TASK INPUTS: Begin
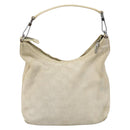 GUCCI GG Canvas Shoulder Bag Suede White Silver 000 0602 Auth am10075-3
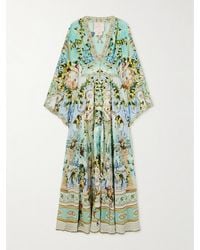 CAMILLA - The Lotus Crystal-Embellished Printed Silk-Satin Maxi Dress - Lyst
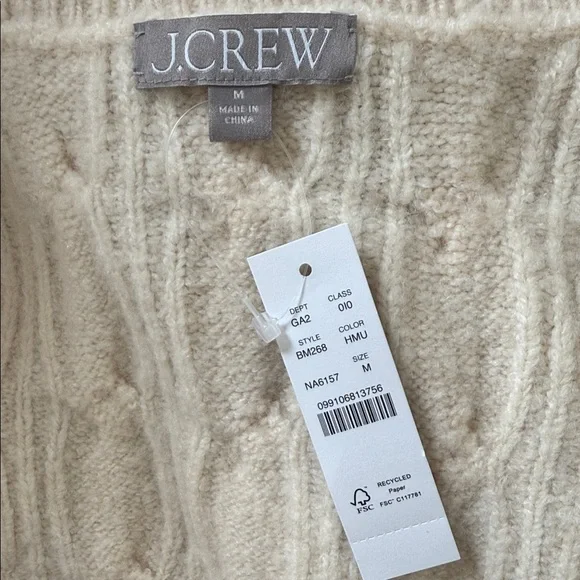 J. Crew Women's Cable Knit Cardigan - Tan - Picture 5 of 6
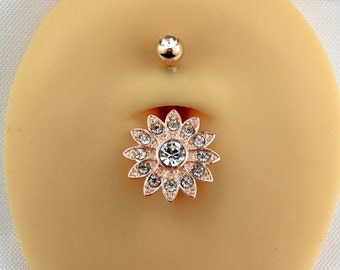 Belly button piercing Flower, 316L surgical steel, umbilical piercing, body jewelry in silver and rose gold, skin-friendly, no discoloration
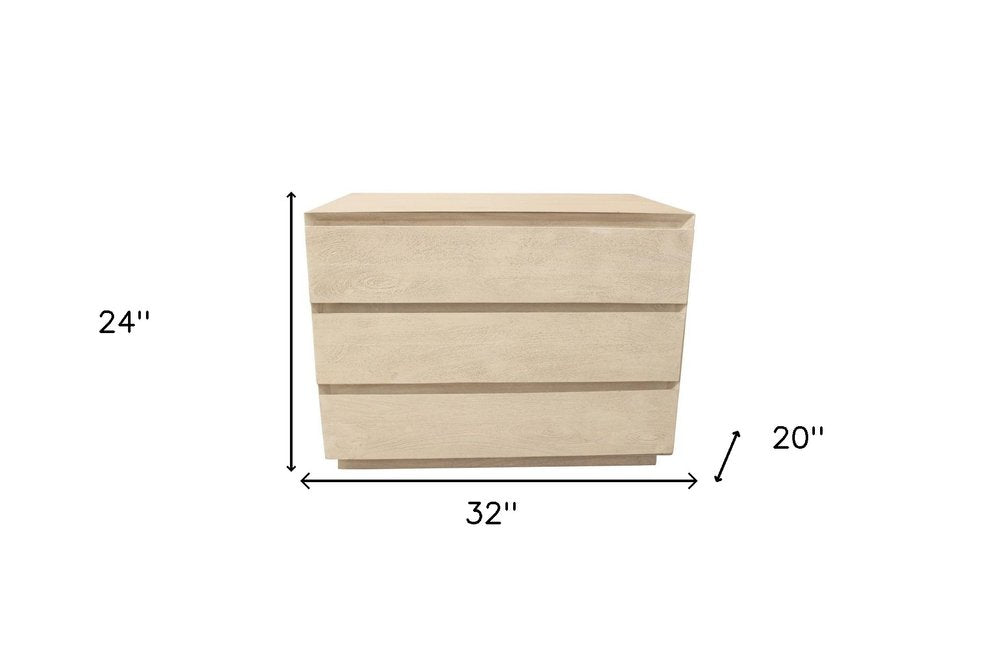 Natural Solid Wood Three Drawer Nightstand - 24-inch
TASK INPUTS: End
TASK INPUTS: Begin
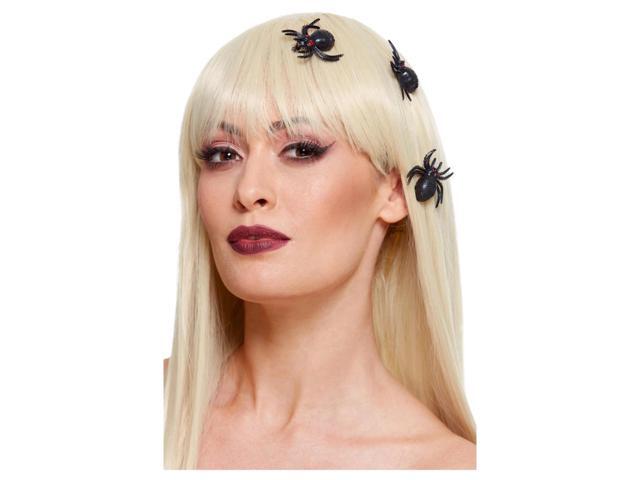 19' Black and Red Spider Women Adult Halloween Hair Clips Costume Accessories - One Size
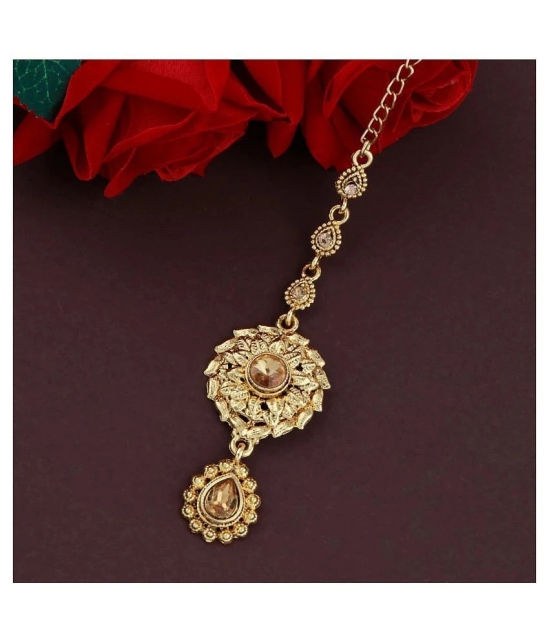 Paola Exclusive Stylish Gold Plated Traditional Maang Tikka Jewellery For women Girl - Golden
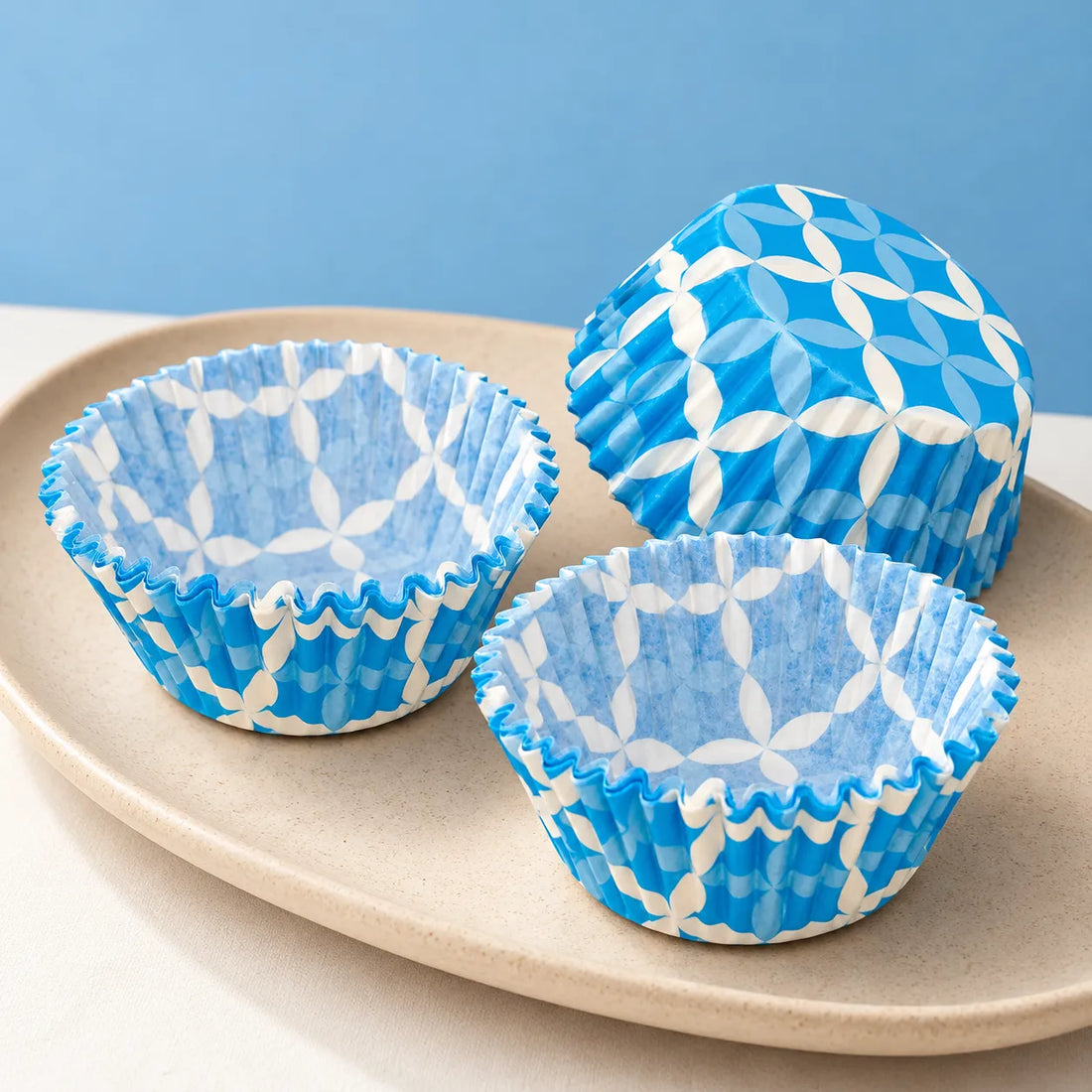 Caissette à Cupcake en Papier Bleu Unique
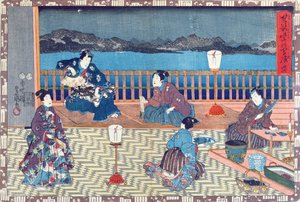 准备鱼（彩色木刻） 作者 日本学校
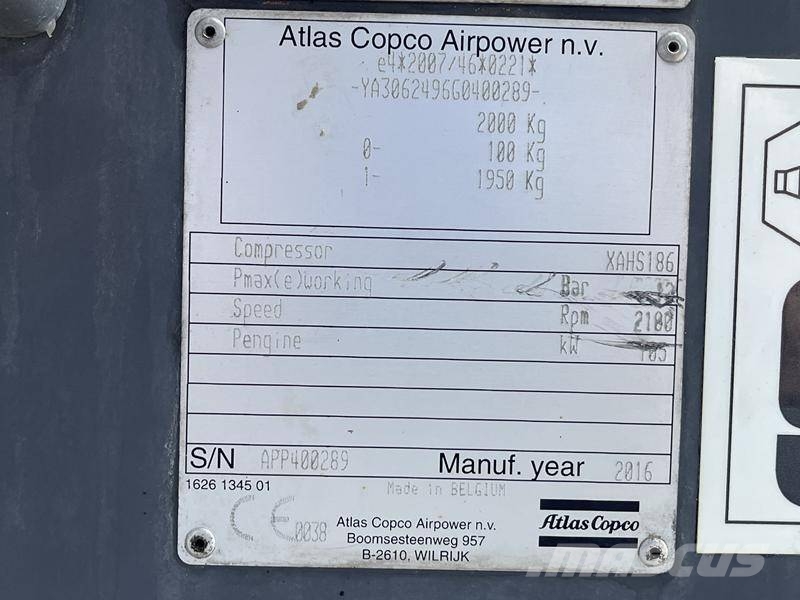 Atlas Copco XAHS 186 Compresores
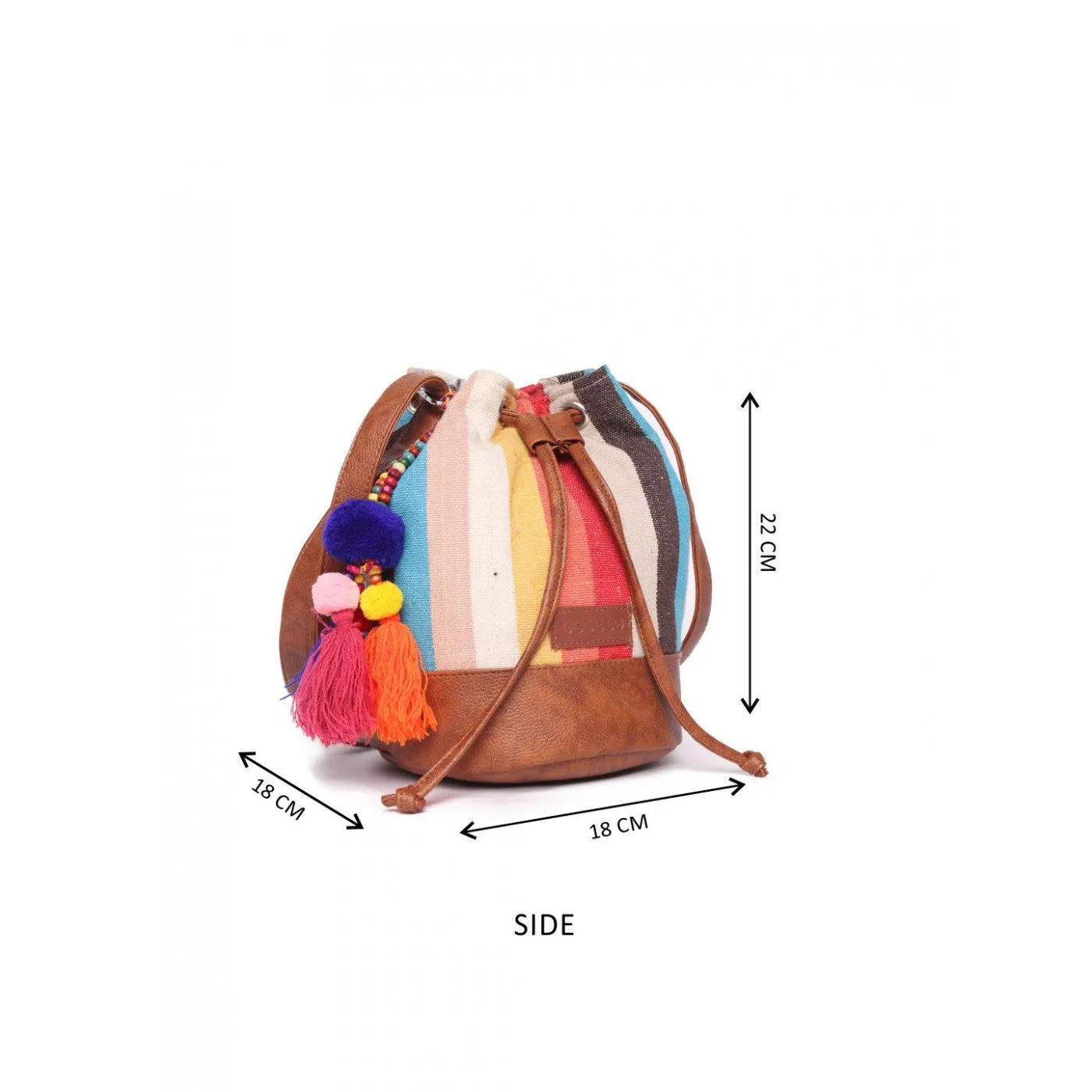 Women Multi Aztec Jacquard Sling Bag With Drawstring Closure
TASK INPUTS: End
_ABOUT THIS TASK_:
Above are records; write out the lines from the one with "GUCCI GG Canvas" down to the one with "Natural Solid Wood", exactly, leaving the pictures out.

_SOLUTION TO THE EXERCISE_:
 GUCCI GG Canvas Shoulder Bag Suede White Silver 000 0602 Auth am10075-3
 CAMILLA - The Lotus Crystal-Embellished Printed Silk-Satin Maxi Dress - Lyst
 J. Crew Women's Cable Knit Cardigan - Tan - Picture 5 of 6
 Belly button piercing Flower, 316L surgical steel, umbilical piercing, body jewelry in silver and rose gold, skin-friendly, no discoloration
 Natural Solid Wood Three Drawer Nightstand - 24-inch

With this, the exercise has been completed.